退職するときには、会社に対して未精算の経費などの金銭的な精算が必要となる場合があります。

これについて不明確な状況や疑問を持つ人も多いかもしれません。この記事では、退職代行を利用した場合に経費の建替えが可能かについて説明いたします。

ではまずはじめに、経費の建て替えとは何かを理解することが重要になりますので下記で説明いたします。

それではみていきましょう。

 

経費の建替えとは


経費の建て替えは、労働者が業務上で自己負担した経費を、雇用者に返還してもらうことを指します。

例えば、出張旅費や営業活動に関する費用などがこれに該当します。

通常、これらの費用は給与とは別に雇用者から支払われます。

この返還対象となる費用は、法律的には建替え経費と呼ばれ、会社による利益を生み出しながらも、社員に負担を強いるものです。

こうした経費は、時効の観点から、その請求が可能となった時点から5年以内に行うことが必要とされています。
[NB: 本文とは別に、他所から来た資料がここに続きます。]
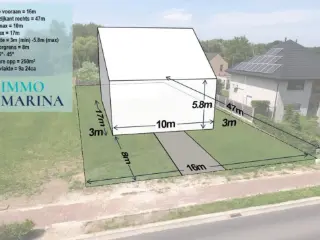Terrain à bâtir à vendre Tremelo (RBU67478)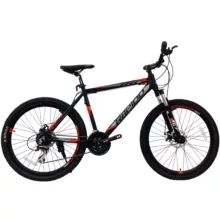دوچرخه کوهستان راپیدو مدل R6 کد 19 سایز طوقه 26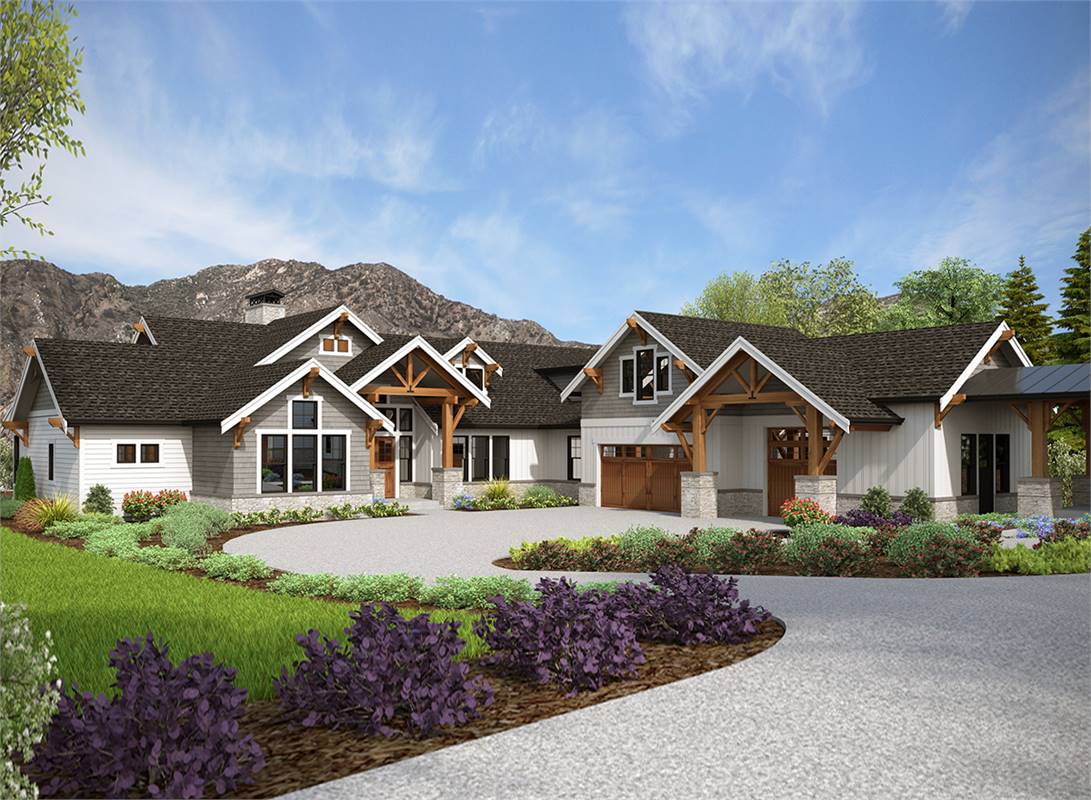 Homes To Build On Acreage Dfd House Plans Blog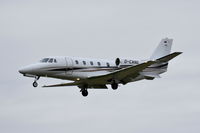 D-CANG @ EGSH - Landing at Norwich. - by Graham Reeve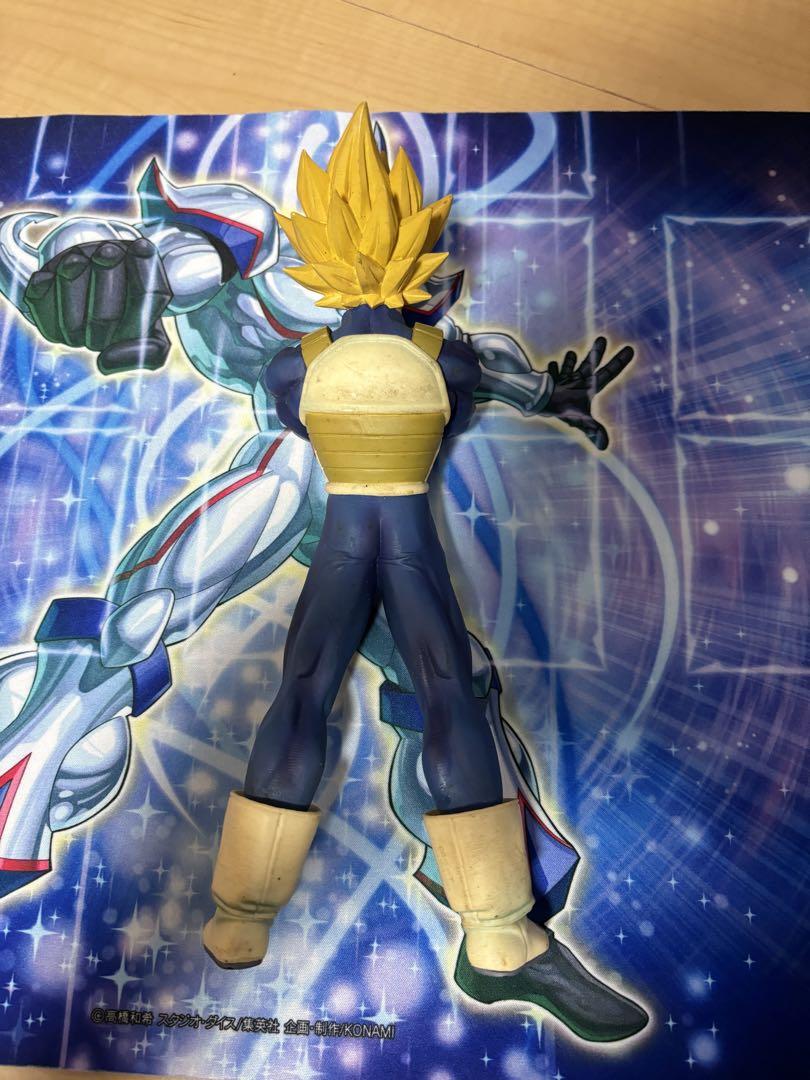 特別オファー 一番くじ 超サイヤ人ベジータ B賞 ドラゴンボールメモリーズ コミック・アニメ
(下記参照)


参照:民法第166条1項1号(e-GOV 法令検索)


上記では経費の建て替えについて解説いたしました。

では、退職代行サービスを利用して会社を辞める際に未精算の経費の請求はどのようにして行われるのでしょうか。

ここからは、退職代行サービスと経費の建て替えについて詳しく説明させていただきます。

 

退職代行サービスと経費の建て替えについて


まず簡単に退職代行サービスと経費の建て替えについて、また退職代行サービスを利用することによるメリットについて説明させていただきます。
 

退職代行サービス

退職代行業者は、従業員が雇用者から適切に経費の建替えを受け取るためのサポートを提供します。

建替え対象となる経費の明示、そして雇用者・会社への請求等が含まれます。

このサービスは、特に手続きが複雑であったり、雇用者との交渉が困難であったりする場合に有効です。

退職代行サービスには、弁護士事務所、労働組合、民間の3種類の代行サービスがあります。

弁護士事務所の代行は価格は高額ではあるが、法的なトラブルになっても対応可能であり安全です。

また、弁護士の代行は会社との交渉や会社への請求の内容によっては成功報酬を取られること、その事が分かりにくく表記されている為、弁護士事務所に直接お問合せのうえ確認は必須となります。

労働組合の代行は価格は3万円以下であり、団結権、団体交渉権が保障されているため会社との様々な交渉が可能ですが、法的なトラブルには対応できない事がデメリットと言えるでしょう。

民間の代行(弁護士監修と記載)は価格は安いが会社との交渉は一切できません。

また法的なトラブルにも対応できません。したがって民間企業による退職代行業者は未精算経費についての会社との交渉を行えません。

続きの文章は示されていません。